> **What is needed**:
Exact copies of all the records are to be printed.

Records excerpted from a collection

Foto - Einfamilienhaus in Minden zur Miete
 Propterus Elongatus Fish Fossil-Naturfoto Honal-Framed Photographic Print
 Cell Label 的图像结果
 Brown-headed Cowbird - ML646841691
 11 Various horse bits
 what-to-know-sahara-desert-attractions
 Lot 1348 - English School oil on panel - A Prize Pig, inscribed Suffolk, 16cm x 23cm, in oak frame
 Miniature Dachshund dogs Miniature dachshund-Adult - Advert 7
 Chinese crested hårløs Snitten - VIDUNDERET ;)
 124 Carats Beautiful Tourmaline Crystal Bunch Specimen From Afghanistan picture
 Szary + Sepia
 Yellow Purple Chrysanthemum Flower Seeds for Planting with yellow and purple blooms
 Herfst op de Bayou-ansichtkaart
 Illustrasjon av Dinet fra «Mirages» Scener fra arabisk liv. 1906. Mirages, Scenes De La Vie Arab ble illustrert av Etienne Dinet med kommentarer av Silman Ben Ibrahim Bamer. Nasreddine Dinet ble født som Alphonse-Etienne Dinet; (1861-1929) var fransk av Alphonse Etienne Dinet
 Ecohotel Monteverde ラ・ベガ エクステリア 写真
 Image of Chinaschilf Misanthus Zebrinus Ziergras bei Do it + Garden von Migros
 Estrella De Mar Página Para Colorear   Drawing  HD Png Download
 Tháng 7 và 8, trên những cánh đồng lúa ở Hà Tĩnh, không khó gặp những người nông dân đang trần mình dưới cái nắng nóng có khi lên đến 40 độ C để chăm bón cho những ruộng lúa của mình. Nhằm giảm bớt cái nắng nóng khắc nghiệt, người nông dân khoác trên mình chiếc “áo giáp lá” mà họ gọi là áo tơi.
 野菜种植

> **Response area**:
Foto - Einfamilienhaus in Minden zur Miete
 Propterus Elongatus Fish Fossil-Naturfoto Honal-Framed Photographic Print
 Cell Label 的图像结果
 Brown-headed Cowbird - ML646841691
 11 Various horse bits
 what-to-know-sahara-desert-attractions
 Lot 1348 - English School oil on panel - A Prize Pig, inscribed Suffolk, 16cm x 23cm, in oak frame
 Miniature Dachshund dogs Miniature dachshund-Adult - Advert 7
 Chinese crested hårløs Snitten - VIDUNDERET ;)
 124 Carats Beautiful Tourmaline Crystal Bunch Specimen From Afghanistan picture
 Szary + Sepia
 Yellow Purple Chrysanthemum Flower Seeds for Planting with yellow and purple blooms
 Herfst op de Bayou-ansichtkaart
 Illustrasjon av Dinet fra «Mirages» Scener fra arabisk liv. 1906. Mirages, Scenes De La Vie Arab ble illustrert av Etienne Dinet med kommentarer av Silman Ben Ibrahim Bamer. Nasreddine Dinet ble født som Alphonse-Etienne Dinet; (1861-1929) var fransk av Alphonse Etienne Dinet
 Ecohotel Monteverde ラ・ベガ エクステリア 写真
 Image of Chinaschilf Misanthus Zebrinus Ziergras bei Do it + Garden von Migros
 Estrella De Mar Página Para Colorear   Drawing  HD Png Download
 Tháng 7 và 8, trên những cánh đồng lúa ở Hà Tĩnh, không khó gặp những người nông dân đang trần mình dưới cái nắng nóng có khi lên đến 40 độ C để chăm bón cho những ruộng lúa của mình. Nhằm giảm bớt cái nắng nóng khắc nghiệt, người nông dân khoác trên mình chiếc “áo giáp lá” mà họ gọi là áo tơi.
 野菜种植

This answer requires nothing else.